Planting seeds is a skill that’s often learned early in life—in the soil, that is. If you’re like me, as a kid, you probably had a science class in which you germinated pea seeds in water and paper towels on the window sill. A few days later, after little pale shoots (the hypocotyl and radicle, as we now know) emerged, we gently placed the little pea plants in cups full of dirt, watered them for a few days, and observed how they grew over the following weeks.
The concept is similar in hydroponics; plant a seed, let it germinate, and then off it grows!
…but it’s not quite that simple, is it? No longer is it as easy as plopping some seeds in water and letting them grow.
Let’s start with what we do know and a quick anatomy lesson.
A seed becomes a plant.
It has 5 main parts:
The seed coat, or tough outer shell of the seed.
The plumule, or first shoots.
The hypocotyl, which becomes the stem.
The radicle, which becomes the root.
And, finally, the cotyledon, which serves as a nutrient bank for the plant until the first true leaves arrive.
When a seed germinates, it is taken from a dormant state to an active one, when the radicle cracks the outer shell and becomes an early root. This can only happen in warm, moist conditions. When we were kids, a glass of water and the sun shining onto the windowsill was enough to do the trick. But the number of seeds required to fill a full-sized hydroponic farm probably won’t fit on your windowsill.
The seed gets its first nutrients from the cotyledon and after that, traditionally, from the soil. But in hydroponics, there is no soil. So what now? There are a few things you’ll need to understand about a plant’s life stages to have a successful hydroponic farm.
The difference between germination, propagation, and transplant
Germination, as we discussed, is the stage during which, under the right conditions, plants break out of their seed shells and become seedlings.
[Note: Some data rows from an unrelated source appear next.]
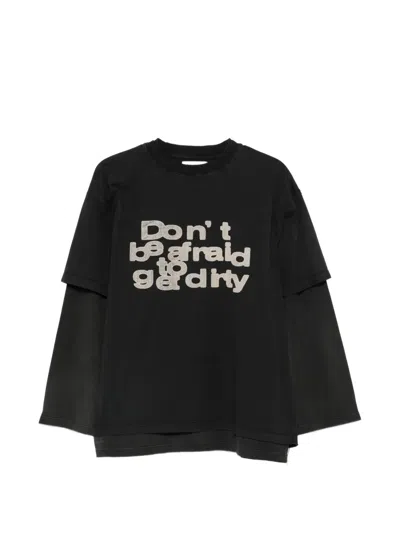 Paura Zeno Double-layert-shirt In Black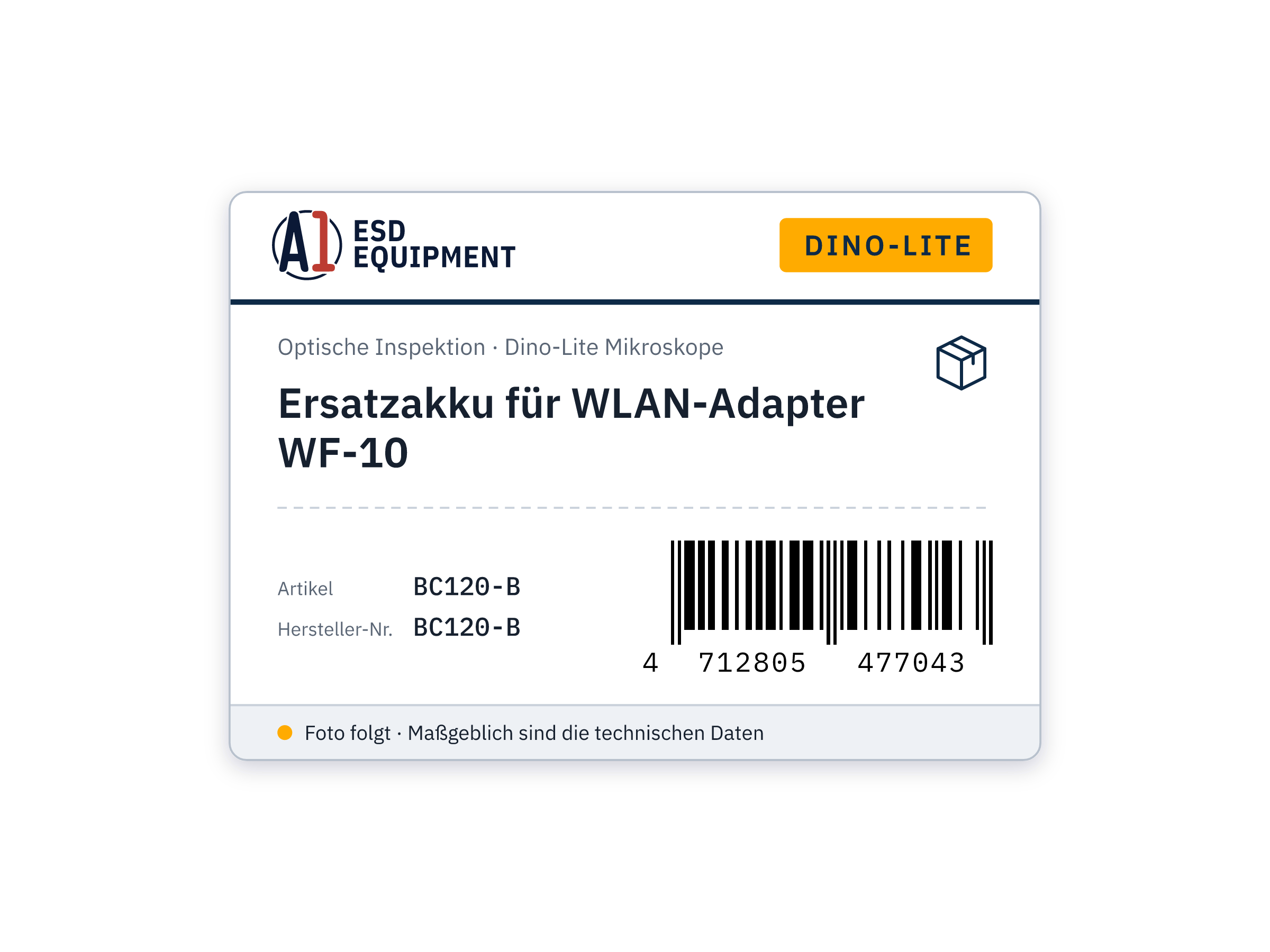 Batterie de rechange pour adaptateur Wi-Fi WF-10 - Dino-Lite BC120-B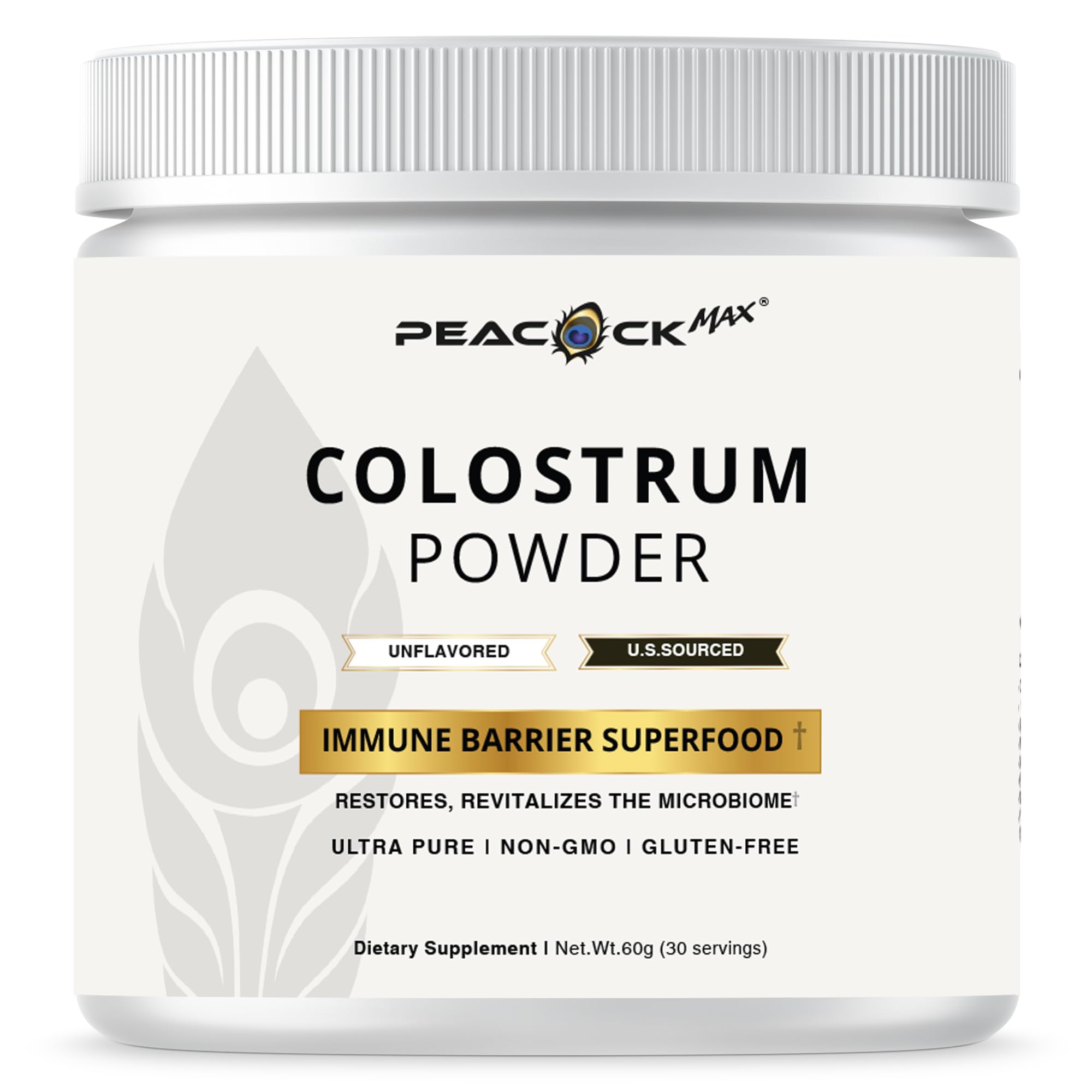 Peacock Max Colostrum Powder – 60g (30 Servings), Unflavored Bovine Colostrum Supplement, Superfood for Hair, Skin & Gut Health, Gluten-Free, Non-GMO Peacock Max uk supplements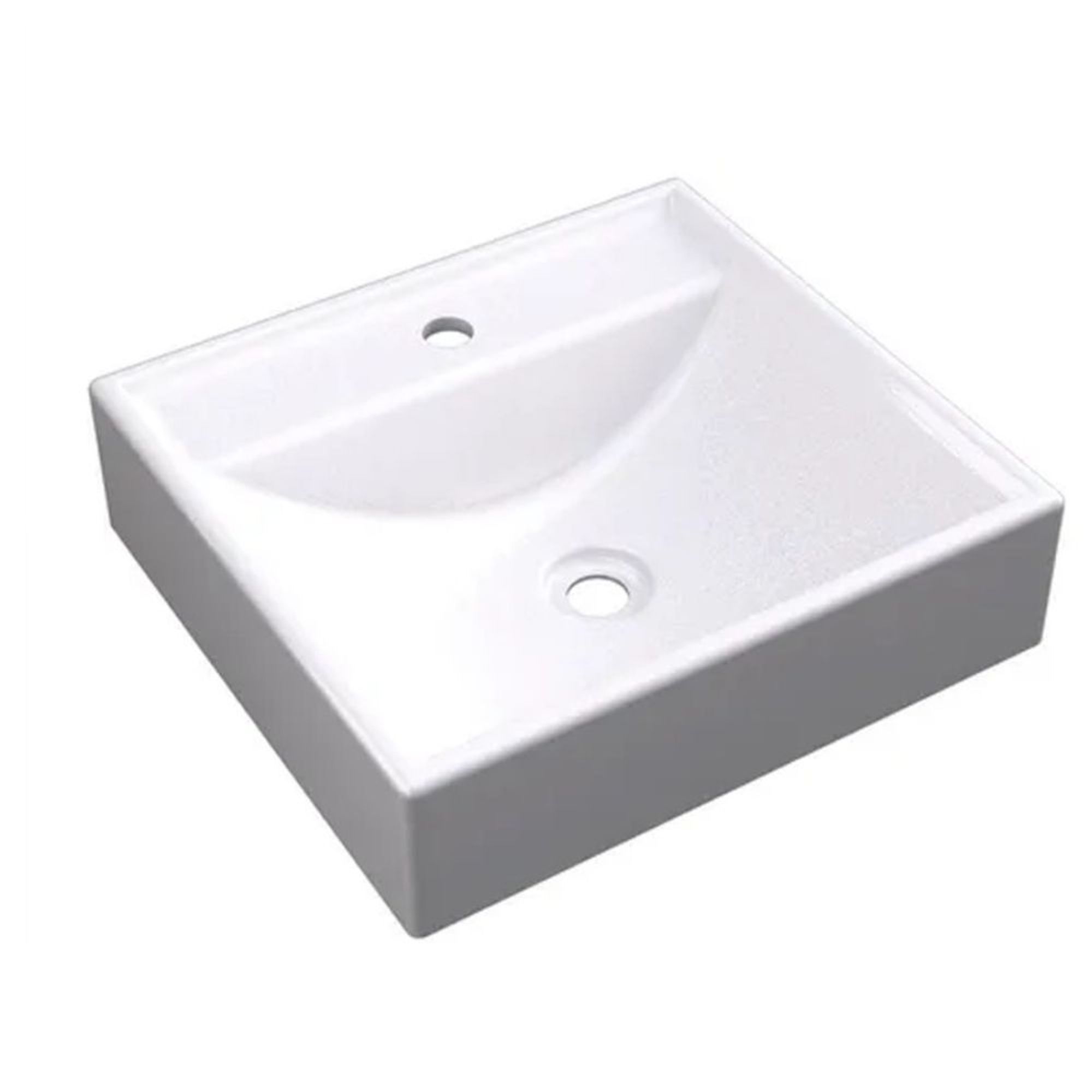 Cuba de Apoio Sintética Quadrada Ravena Plus Branca 39,5×39,5cm MGM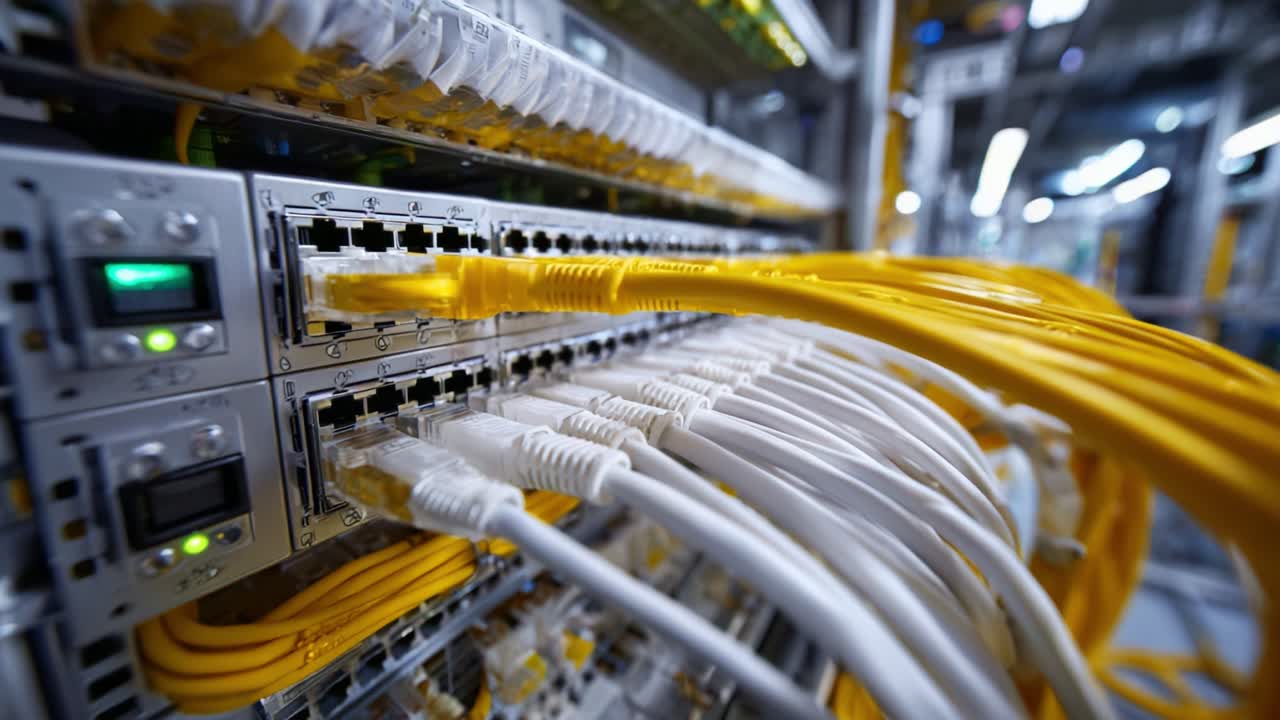 High-Density Network Switch with Fiber and Ethernet Cables for Data Transmission in a Modern Data Center Environment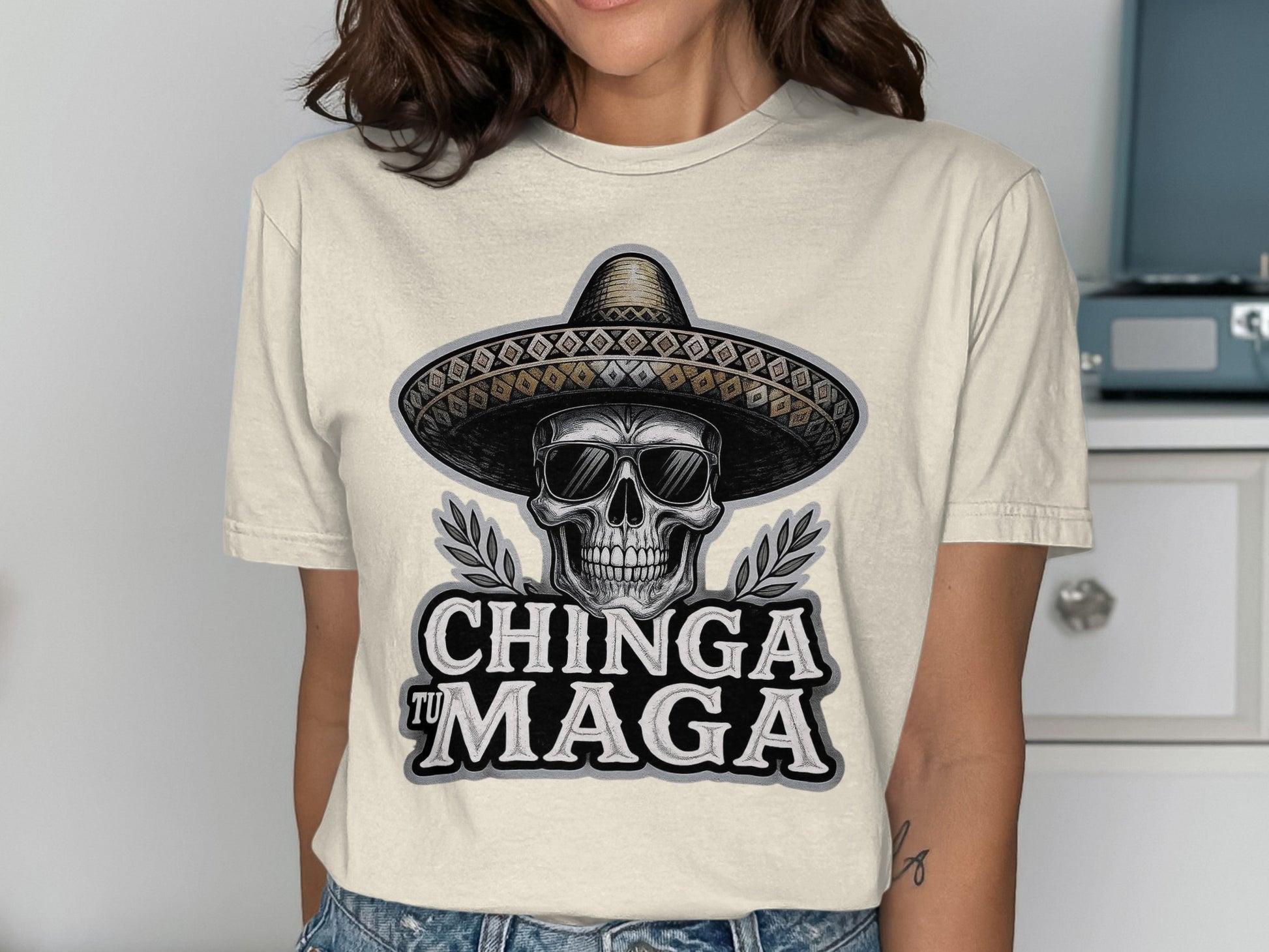 Chinga Tu Maga Skull Wear Hat Sunglasses T-Shirt product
It begins when they’re seeds and ends just before the plants develop their external cotyledons. They should be removed from the germination system as soon as you see plant parts protruding from the seed.
Propagation is the term we use to describe the stage during which the seedlings become stronger and develop roots and true leaves. This stage begins as the plants emerge from the seed and ends when the roots have developed st
rongly within the plug. Plants should be transplanted when they have developed 2–3 sets of true leaves.
Transplant is the stage that comes after propagation; it’s when you move your young seedlings into your grow-out system.
During each of these stages, plants require unique environmental conditions depending on which type of crop they are. To break it down simply, there are cool and warm weather crops.
Warm weather plants tend to be largely herbs and fruiting crops: basil, oregano, thyme.
Cool weather plants, on the other hand, are mostly made up of greens: lettuce, kale, swiss chard, spinach, cilantro, fennel, mint.
Specialty crops, like fruits and flowers, have ranges of cool and warm preferences within them as well.
Fruiting crops like tomatoes and peppers prefer warmer conditions, whereas broccoli and peas like cooler temperatures.
Flowers like chamomile and calendula are cooler (or moderate) temperature flowers, while something like chia or echinacea prefers warm conditions.
Note: there are warm and cool weather examples for each crop type (herbs, greens, fruit, etc.), so be sure to double check what conditions your crop choices prefer.
The optimal temperatures will trend lower or higher depending on crop type at each stage of the plant’s growth. This means that some crops can quite successfully be grown concurrently, while others cannot. In addition, there are some special considerations for each stage.
Hydroponic germination dos and don’ts
If your germination chamber reaches extreme temperatures on either side of the spectrum, you will not get good germination rates, if any.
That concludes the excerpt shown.